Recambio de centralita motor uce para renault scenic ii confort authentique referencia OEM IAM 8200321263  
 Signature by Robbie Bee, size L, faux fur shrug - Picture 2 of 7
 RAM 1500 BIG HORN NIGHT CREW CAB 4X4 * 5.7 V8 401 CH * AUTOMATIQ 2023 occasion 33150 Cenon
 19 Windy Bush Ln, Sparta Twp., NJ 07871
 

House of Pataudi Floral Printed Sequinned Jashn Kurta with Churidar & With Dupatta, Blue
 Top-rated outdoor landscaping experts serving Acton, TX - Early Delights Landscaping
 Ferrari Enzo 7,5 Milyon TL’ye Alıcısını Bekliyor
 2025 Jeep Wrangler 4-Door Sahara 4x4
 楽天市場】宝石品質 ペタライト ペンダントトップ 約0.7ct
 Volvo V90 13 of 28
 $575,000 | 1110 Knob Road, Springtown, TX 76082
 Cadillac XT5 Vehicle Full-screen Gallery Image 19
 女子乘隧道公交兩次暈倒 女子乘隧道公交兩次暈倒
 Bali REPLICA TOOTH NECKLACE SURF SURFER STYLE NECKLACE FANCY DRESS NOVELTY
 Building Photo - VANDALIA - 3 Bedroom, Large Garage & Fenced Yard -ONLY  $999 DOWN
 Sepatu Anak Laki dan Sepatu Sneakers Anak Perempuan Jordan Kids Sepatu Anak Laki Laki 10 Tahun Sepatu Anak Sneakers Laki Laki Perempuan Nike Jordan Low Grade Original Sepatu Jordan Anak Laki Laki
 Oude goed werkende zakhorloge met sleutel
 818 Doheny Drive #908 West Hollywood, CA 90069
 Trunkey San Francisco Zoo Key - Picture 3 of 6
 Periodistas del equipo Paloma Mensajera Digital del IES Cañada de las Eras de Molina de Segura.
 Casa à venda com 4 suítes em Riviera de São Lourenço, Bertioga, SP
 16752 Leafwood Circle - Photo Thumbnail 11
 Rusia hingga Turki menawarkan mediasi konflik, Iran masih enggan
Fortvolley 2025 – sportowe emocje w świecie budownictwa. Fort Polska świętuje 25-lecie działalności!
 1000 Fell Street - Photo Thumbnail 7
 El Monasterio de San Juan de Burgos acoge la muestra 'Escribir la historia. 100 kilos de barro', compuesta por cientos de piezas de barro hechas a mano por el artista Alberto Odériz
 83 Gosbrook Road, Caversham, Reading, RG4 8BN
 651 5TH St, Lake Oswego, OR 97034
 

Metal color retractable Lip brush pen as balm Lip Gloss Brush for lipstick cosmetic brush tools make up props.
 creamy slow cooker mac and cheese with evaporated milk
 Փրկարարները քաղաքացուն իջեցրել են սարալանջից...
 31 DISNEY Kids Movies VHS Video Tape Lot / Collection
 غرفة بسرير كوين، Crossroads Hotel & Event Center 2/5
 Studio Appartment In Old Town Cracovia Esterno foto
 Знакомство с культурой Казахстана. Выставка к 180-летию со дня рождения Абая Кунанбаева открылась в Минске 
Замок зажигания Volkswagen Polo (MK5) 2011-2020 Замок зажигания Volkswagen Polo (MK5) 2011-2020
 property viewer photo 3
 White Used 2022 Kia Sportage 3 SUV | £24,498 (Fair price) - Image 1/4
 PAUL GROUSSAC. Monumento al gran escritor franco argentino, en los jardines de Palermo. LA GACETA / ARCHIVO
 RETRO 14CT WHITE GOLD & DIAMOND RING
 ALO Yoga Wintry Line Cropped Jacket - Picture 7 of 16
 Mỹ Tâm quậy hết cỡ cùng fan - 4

_Your instructions_: Look through the entries above, and wherever a line holds the word "Kids", copy it.

_Exercise answer_:
 Sepatu Anak Laki dan Sepatu Sneakers Anak Perempuan Jordan Kids Sepatu Anak Laki Laki 10 Tahun Sepatu Anak Sneakers Laki Laki Perempuan Nike Jordan Low Grade Original Sepatu Jordan Anak Laki Laki
 31 DISNEY Kids Movies VHS Video Tape Lot / Collection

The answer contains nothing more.